New campaign aims to lift the lid on gambling harms
Date published: 29 November 2022
A new campaign has been launched in Greater Manchester, coinciding with the 2022 Football World Cup, to highlight some of the tactics used by the gambling industry and raise awareness of the harm caused to residents.
Odds Are: They Win is an anti-gambling harms campaign, delivered by Greater Manchester Combined Authority (GMCA), to inform people of harmful industry practices that can have negative impacts on people’s health and wellbeing, finances, work, and relationships with friends and family.
In a UK-first, the campaign moves beyond the typical narrative of ‘responsible’ gambling and individual ownership. This campaign says that whatever the gambling product, whoever the gambling operator and whichever way you look at it, the Odds Are: They Win.
The campaign is being delivered during the 2022 Football World Cup in Qatar across a range of digital and outdoor channels, including billboards around the city-region and posters on the Metrolink network, to get people talking about the risks of gambling.
Local public health officials are worried that, in the midst of a cost of living crisis, people could be increasingly drawn in by the gambling industry's advertising and offers.
Research shows that:
Watching football on TV could expose adults and children to a gambling advert every 10 seconds, including on pitch-side advertising boards, team kits, and in advert breaks
1 in 15 residents in Greater Manchester experiences harms related to gambling – equivalent to over 180,000 people
20% of online bingo players suffer harm as a result of gambling
25% of fixed odds betting terminal players experience harm as a result of gambling
As part of the Greater Manchester gambling harm reduction programme, GMCA has awarded £300,000 of grant funding to support organisations and partnerships across the city-region to deliver initiatives that aim to prevent and reduce gambling related harm and tackle inequalities.

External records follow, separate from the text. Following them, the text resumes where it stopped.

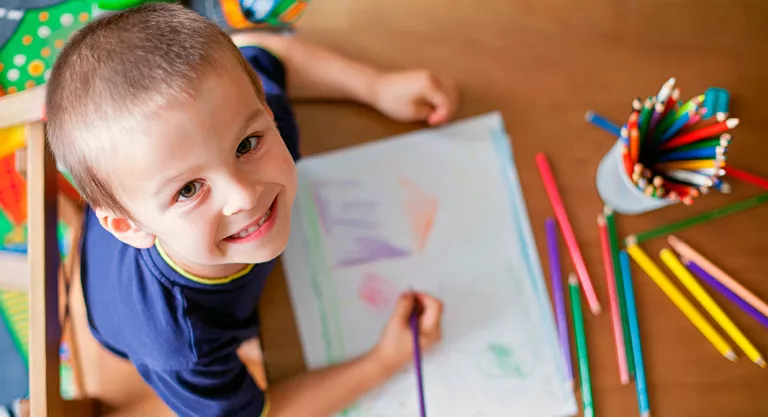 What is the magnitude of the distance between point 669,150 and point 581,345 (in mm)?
197

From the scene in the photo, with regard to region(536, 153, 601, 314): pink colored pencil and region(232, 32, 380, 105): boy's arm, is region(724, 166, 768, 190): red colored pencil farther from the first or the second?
region(232, 32, 380, 105): boy's arm

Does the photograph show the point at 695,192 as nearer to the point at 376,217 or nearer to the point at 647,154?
the point at 647,154

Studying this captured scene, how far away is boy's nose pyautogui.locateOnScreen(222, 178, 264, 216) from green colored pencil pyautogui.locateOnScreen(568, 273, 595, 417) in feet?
1.12

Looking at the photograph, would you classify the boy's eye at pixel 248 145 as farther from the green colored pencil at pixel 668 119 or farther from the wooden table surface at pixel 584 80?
the green colored pencil at pixel 668 119

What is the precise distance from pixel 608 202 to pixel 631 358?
0.15 metres

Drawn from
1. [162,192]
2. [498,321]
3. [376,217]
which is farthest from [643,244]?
[162,192]

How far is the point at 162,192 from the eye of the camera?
37 centimetres

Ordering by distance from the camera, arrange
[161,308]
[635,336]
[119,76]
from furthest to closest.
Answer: [635,336] < [161,308] < [119,76]

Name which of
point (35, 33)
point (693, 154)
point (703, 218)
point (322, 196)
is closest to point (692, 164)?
point (693, 154)

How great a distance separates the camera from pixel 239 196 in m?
0.38

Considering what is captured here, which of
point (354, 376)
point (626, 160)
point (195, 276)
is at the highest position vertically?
point (626, 160)

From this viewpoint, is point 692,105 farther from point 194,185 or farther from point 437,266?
point 194,185

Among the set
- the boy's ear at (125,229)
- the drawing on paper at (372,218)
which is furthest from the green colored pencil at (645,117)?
the boy's ear at (125,229)

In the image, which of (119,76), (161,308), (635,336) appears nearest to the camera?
(119,76) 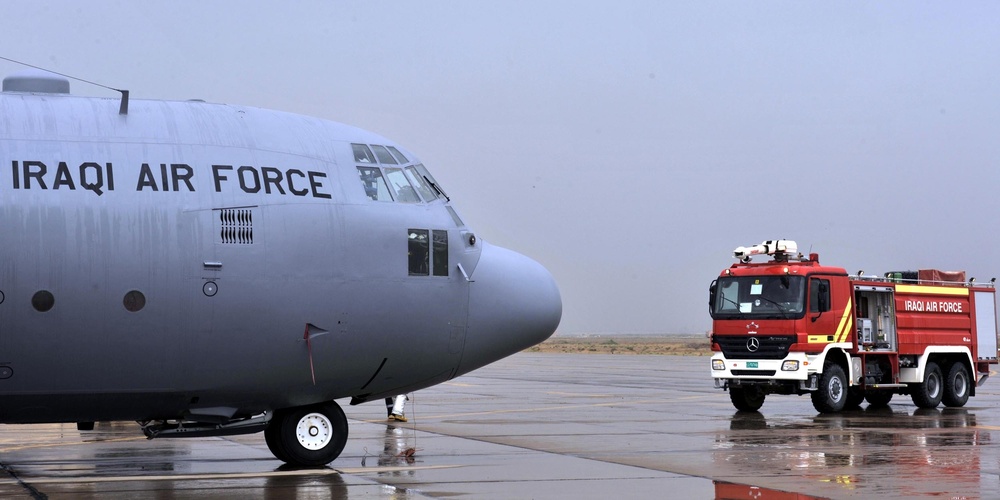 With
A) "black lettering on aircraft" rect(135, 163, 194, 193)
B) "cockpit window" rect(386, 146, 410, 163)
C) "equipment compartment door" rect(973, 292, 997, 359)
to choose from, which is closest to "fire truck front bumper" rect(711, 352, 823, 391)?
"equipment compartment door" rect(973, 292, 997, 359)

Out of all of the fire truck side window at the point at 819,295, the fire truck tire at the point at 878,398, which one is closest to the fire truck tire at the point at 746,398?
the fire truck side window at the point at 819,295

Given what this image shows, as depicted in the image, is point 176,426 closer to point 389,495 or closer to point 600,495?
point 389,495

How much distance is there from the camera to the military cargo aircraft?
12.2 m

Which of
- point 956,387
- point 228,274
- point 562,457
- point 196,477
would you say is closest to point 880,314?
point 956,387

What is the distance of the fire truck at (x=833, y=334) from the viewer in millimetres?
24359

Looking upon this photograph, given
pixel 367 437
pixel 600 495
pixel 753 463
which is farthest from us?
pixel 367 437

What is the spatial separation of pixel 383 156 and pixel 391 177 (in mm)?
312

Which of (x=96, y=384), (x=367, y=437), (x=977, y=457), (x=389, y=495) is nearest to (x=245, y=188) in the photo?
(x=96, y=384)

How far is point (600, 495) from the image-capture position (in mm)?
12211

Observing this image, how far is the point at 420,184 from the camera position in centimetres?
1445

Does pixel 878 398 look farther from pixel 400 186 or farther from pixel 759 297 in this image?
pixel 400 186

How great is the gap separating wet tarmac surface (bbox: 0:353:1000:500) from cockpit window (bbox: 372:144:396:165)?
3.82 meters

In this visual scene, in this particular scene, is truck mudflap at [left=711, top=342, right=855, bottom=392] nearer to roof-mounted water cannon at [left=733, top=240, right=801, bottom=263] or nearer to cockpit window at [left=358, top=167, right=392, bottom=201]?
roof-mounted water cannon at [left=733, top=240, right=801, bottom=263]

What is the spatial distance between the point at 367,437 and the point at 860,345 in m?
11.8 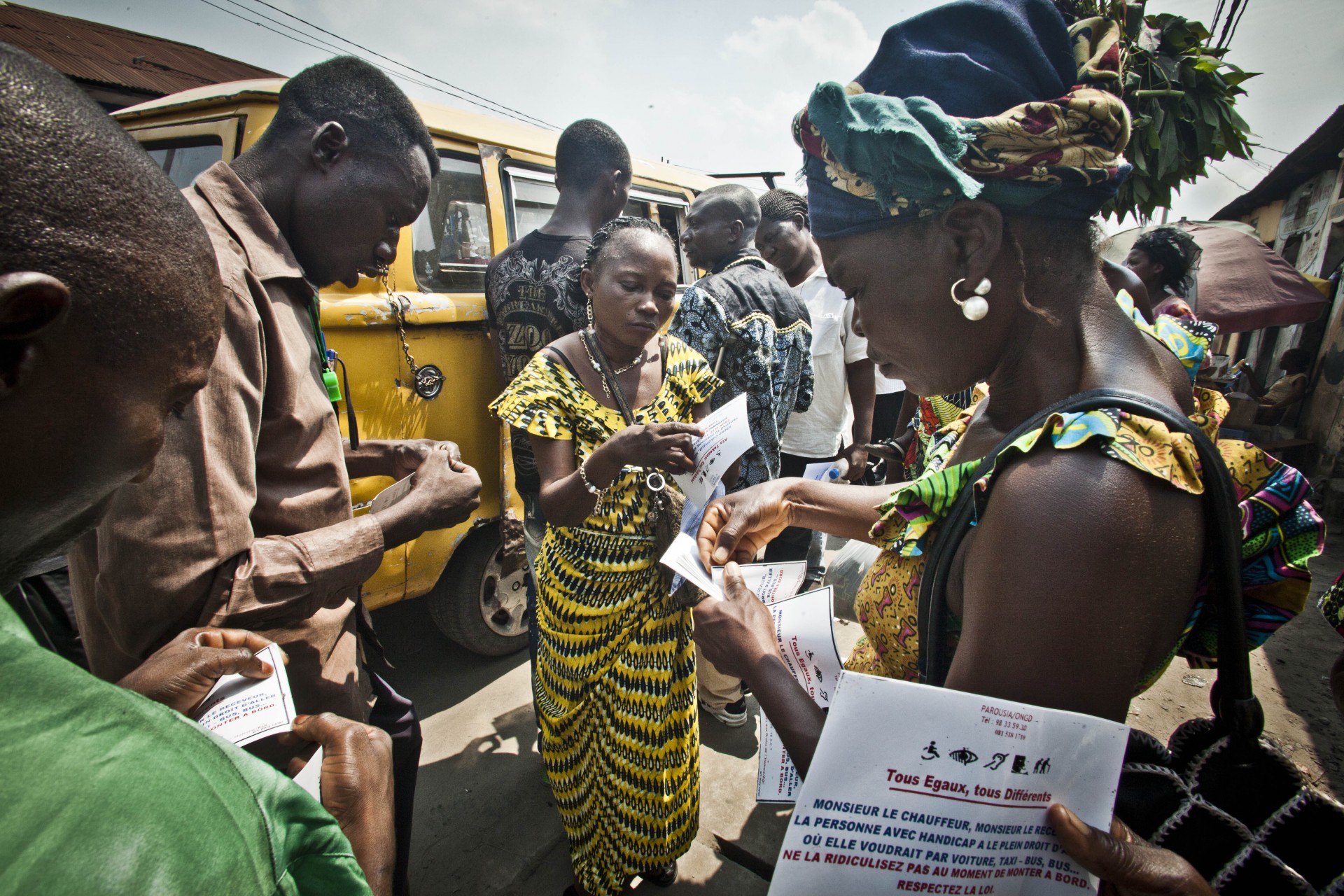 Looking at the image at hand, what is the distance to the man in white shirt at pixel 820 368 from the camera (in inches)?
141

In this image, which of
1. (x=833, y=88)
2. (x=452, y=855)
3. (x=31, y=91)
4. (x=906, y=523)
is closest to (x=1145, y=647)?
(x=906, y=523)

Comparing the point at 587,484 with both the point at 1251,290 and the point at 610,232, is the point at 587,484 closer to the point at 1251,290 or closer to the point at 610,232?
the point at 610,232

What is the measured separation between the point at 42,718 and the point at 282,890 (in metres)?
0.25

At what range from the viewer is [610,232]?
221cm

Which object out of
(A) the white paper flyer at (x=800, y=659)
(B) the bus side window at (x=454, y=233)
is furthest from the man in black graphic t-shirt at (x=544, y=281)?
(A) the white paper flyer at (x=800, y=659)

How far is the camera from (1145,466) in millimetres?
823

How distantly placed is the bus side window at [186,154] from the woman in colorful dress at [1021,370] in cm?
260

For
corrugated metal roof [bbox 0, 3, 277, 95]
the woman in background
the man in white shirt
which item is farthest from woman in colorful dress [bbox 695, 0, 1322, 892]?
corrugated metal roof [bbox 0, 3, 277, 95]

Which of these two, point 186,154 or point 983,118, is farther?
point 186,154

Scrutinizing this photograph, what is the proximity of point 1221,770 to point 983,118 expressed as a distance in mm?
1124

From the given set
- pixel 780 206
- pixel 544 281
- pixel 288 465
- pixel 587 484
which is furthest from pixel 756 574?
pixel 780 206

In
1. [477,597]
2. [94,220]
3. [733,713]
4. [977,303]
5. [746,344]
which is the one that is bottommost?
[733,713]

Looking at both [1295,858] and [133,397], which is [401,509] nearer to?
[133,397]

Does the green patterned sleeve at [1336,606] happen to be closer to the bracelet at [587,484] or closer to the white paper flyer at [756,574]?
the white paper flyer at [756,574] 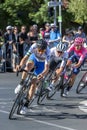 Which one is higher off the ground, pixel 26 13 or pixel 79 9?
pixel 79 9

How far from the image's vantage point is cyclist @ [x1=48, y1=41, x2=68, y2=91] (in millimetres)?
13058

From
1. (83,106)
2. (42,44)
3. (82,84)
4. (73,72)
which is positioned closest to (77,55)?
(73,72)

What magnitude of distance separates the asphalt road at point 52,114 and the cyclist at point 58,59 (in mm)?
612

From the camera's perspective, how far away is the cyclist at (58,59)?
13.1 m

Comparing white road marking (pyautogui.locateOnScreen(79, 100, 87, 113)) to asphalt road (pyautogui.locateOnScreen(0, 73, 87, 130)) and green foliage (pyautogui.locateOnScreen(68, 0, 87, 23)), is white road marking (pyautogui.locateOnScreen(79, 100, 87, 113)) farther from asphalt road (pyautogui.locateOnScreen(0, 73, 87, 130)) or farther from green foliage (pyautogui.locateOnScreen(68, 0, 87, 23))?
green foliage (pyautogui.locateOnScreen(68, 0, 87, 23))

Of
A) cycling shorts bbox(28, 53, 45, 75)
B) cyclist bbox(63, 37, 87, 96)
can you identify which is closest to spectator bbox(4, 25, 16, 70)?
cyclist bbox(63, 37, 87, 96)

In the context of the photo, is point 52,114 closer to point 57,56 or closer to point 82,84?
point 57,56

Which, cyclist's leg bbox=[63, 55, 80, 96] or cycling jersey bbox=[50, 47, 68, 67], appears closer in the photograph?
cycling jersey bbox=[50, 47, 68, 67]

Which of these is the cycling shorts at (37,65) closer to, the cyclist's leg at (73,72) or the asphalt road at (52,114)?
the asphalt road at (52,114)

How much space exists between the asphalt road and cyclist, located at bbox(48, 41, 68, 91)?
61 centimetres

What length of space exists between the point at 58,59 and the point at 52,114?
→ 2.21 meters

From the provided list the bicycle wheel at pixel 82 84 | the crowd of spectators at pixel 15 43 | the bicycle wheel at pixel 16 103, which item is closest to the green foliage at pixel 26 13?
the crowd of spectators at pixel 15 43

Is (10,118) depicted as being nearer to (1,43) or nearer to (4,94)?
(4,94)

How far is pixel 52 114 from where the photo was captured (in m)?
11.7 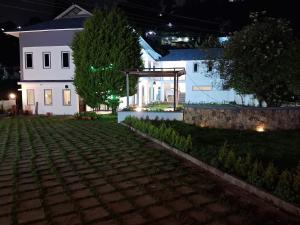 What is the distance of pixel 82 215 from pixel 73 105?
69.1 feet

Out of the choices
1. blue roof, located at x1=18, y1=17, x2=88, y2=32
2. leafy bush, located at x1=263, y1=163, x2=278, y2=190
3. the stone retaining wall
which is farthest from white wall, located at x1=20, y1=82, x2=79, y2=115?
leafy bush, located at x1=263, y1=163, x2=278, y2=190

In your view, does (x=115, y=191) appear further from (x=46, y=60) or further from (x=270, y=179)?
(x=46, y=60)

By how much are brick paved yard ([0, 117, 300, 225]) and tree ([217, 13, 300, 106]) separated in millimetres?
6833

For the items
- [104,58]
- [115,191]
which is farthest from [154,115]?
[115,191]

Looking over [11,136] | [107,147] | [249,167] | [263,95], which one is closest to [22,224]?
[249,167]

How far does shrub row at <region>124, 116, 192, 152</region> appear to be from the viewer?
9855mm

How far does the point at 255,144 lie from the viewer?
10.6 metres

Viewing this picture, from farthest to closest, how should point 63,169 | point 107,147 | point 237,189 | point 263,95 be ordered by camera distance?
point 263,95 < point 107,147 < point 63,169 < point 237,189

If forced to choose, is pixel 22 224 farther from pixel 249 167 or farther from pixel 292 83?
pixel 292 83

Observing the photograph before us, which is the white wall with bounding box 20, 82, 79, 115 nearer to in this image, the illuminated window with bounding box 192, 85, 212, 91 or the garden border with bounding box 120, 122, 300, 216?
the illuminated window with bounding box 192, 85, 212, 91

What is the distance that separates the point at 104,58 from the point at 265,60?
11.0 m

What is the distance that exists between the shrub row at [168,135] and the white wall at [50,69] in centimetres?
1268

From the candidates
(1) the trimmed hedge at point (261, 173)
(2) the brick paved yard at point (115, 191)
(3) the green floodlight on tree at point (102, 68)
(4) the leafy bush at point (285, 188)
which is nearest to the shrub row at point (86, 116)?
(3) the green floodlight on tree at point (102, 68)

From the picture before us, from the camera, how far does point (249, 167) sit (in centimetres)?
708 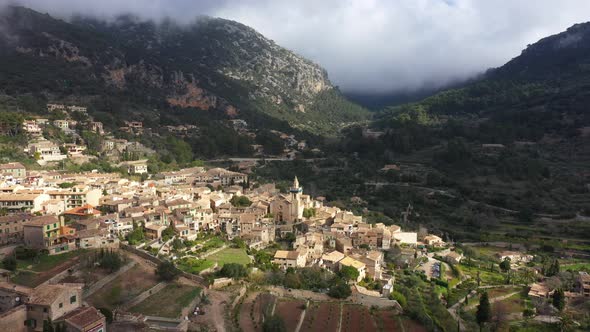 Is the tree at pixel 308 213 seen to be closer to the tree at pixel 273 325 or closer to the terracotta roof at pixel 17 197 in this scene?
the tree at pixel 273 325

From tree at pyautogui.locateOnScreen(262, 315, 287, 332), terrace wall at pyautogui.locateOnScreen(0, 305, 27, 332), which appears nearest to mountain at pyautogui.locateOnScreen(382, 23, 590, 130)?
tree at pyautogui.locateOnScreen(262, 315, 287, 332)

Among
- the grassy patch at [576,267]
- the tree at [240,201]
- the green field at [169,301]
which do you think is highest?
the tree at [240,201]

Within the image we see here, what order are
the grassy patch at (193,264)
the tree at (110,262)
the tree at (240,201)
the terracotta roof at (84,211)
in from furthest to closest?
the tree at (240,201) → the terracotta roof at (84,211) → the grassy patch at (193,264) → the tree at (110,262)

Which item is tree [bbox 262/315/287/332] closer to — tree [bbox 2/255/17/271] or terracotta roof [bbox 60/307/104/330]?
terracotta roof [bbox 60/307/104/330]

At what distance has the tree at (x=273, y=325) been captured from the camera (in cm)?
1820

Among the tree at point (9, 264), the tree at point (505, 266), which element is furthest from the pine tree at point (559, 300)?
the tree at point (9, 264)

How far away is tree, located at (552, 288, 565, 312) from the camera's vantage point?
25.5 m

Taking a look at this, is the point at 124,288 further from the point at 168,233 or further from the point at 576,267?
the point at 576,267

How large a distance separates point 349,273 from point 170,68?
68574 mm

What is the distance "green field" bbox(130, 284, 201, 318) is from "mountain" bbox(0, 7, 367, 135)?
41.2 meters

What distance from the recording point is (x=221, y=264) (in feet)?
79.4

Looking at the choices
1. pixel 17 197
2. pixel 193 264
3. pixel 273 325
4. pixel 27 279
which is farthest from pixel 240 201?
pixel 27 279

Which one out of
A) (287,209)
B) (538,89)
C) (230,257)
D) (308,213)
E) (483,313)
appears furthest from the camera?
(538,89)

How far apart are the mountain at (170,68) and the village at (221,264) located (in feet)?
89.8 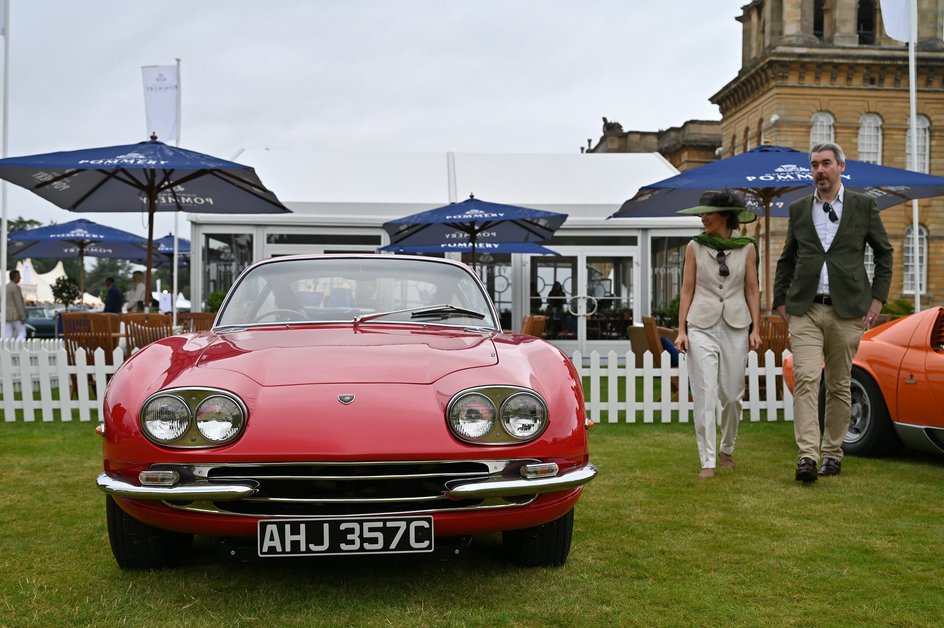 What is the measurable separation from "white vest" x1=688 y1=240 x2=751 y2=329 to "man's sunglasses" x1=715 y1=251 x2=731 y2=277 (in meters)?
0.01

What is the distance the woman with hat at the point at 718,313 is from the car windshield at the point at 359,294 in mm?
1859

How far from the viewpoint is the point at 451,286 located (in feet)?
14.9

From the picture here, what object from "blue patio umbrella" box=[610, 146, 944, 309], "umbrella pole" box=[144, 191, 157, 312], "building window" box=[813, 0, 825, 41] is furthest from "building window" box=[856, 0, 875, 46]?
"umbrella pole" box=[144, 191, 157, 312]

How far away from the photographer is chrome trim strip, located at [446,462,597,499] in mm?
3021

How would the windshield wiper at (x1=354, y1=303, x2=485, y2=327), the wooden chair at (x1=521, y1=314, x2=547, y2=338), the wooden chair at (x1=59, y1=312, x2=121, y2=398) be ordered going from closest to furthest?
the windshield wiper at (x1=354, y1=303, x2=485, y2=327) < the wooden chair at (x1=521, y1=314, x2=547, y2=338) < the wooden chair at (x1=59, y1=312, x2=121, y2=398)

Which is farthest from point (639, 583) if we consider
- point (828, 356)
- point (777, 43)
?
point (777, 43)

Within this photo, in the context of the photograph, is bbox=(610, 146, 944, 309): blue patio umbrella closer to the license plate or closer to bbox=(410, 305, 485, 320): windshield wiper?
bbox=(410, 305, 485, 320): windshield wiper

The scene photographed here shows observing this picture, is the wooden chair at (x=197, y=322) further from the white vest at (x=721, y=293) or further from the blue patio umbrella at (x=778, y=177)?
the white vest at (x=721, y=293)

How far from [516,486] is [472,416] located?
0.28 meters

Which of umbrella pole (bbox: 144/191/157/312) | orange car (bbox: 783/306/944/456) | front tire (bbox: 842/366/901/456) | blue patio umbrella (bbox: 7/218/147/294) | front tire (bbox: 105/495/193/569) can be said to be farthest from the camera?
blue patio umbrella (bbox: 7/218/147/294)

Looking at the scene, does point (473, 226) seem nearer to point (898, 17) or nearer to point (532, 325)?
point (532, 325)

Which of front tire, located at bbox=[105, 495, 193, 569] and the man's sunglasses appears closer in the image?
front tire, located at bbox=[105, 495, 193, 569]

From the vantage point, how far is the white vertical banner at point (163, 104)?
1523 centimetres

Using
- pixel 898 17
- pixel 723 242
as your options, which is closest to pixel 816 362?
pixel 723 242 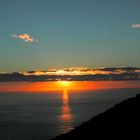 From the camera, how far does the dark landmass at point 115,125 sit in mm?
31438

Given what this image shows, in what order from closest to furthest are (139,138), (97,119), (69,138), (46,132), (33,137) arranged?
1. (139,138)
2. (69,138)
3. (97,119)
4. (33,137)
5. (46,132)

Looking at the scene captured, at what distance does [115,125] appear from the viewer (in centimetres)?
3403

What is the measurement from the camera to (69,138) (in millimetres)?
35719

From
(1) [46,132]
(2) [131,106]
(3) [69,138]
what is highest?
(2) [131,106]

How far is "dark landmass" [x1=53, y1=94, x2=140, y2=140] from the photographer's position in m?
31.4

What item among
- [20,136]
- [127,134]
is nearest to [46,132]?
[20,136]

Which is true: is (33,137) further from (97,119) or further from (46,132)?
(97,119)

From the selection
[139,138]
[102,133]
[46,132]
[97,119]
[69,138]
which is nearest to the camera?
[139,138]

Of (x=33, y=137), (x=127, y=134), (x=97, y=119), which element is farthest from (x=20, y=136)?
(x=127, y=134)

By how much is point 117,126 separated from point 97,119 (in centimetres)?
494

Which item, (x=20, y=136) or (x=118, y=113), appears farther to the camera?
(x=20, y=136)

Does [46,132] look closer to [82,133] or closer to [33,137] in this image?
[33,137]

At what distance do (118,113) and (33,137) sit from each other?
69.3 metres

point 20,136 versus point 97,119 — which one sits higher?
point 97,119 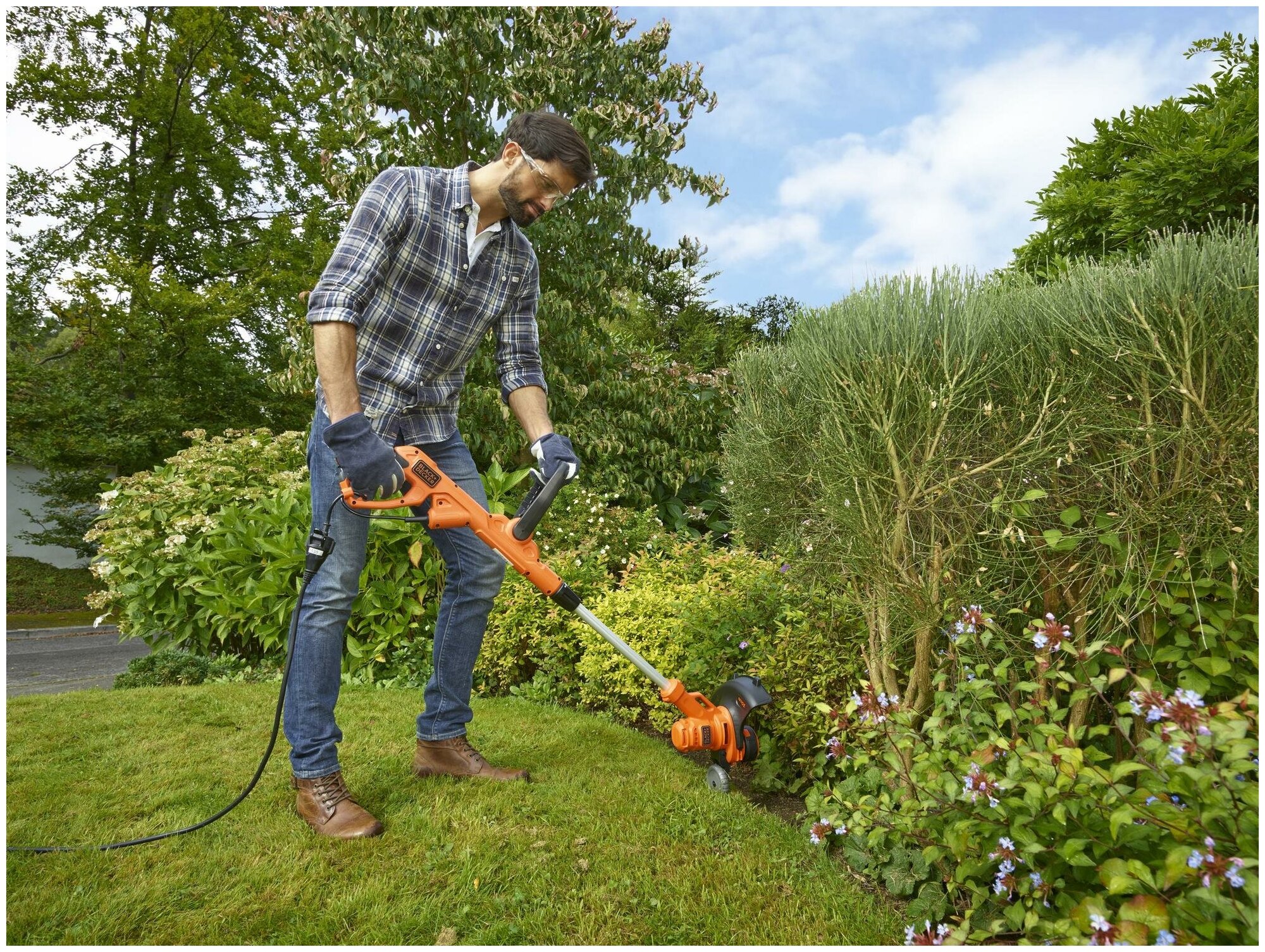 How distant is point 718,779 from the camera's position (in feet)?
9.16

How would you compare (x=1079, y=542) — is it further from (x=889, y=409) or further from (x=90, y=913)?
(x=90, y=913)

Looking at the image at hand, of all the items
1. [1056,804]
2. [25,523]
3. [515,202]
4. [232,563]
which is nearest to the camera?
[1056,804]

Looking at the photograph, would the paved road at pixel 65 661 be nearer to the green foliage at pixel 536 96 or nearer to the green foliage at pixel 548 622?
the green foliage at pixel 548 622

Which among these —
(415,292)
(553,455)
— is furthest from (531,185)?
(553,455)

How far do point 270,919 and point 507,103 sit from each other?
6016 millimetres

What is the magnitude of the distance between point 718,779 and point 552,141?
7.34 feet

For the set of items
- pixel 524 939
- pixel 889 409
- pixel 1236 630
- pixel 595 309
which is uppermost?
pixel 595 309

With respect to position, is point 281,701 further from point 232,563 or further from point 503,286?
point 232,563

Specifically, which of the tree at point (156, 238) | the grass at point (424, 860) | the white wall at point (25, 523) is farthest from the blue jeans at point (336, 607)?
the white wall at point (25, 523)

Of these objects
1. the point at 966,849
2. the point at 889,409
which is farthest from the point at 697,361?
the point at 966,849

All boroughs of Greater Manchester benefit from the funding, with initiatives including training of community volunteers in Oldham, Salford, Tameside and Manchester, bespoke support for people who are currently unemployed in Wigan, and a focused intervention for victims and perpetrators of domestic abuse in Rochdale.
Mayor of Greater Manchester, Andy Burnham (above), said: “As an industry, the main aim of gambling operators is to maximise profits.
"These profits are the result of customer losses which, particularly during this cost of living crisis, risk having a seriously detrimental impact on people’s lives.
“This campaign in Greater Manchester is the first of its kind in shining a light on harmful industry tactics and supporting people to protect themselves against them.
"This is particularly important during the World Cup, and the overwhelming amount of gambling adverts that will be appearing on our television screens.
“We are doing everything we can in Greater Manchester to prevent and reduce gambling harms, and we need that to be matched by national action.
"The review of the Gambling Act is now well overdue, and the Government must take this opportunity to do more to protect our residents and people right across the country from the harmful practices of the gambling industry.”
Dr Andrew Furber, North West Regional Director for the Office for Health Improvement and Disparities, said: “Gambling related harms are often hidden and can be detrimental to a person’s life and the people around them.
"It is important to see these problems as a public health issue and tackle them accordingly.
“I welcome Greater Manchester’s approach to begin raising awareness of gambling harms and addressing this public health concern with the urgency and importance it deserves.”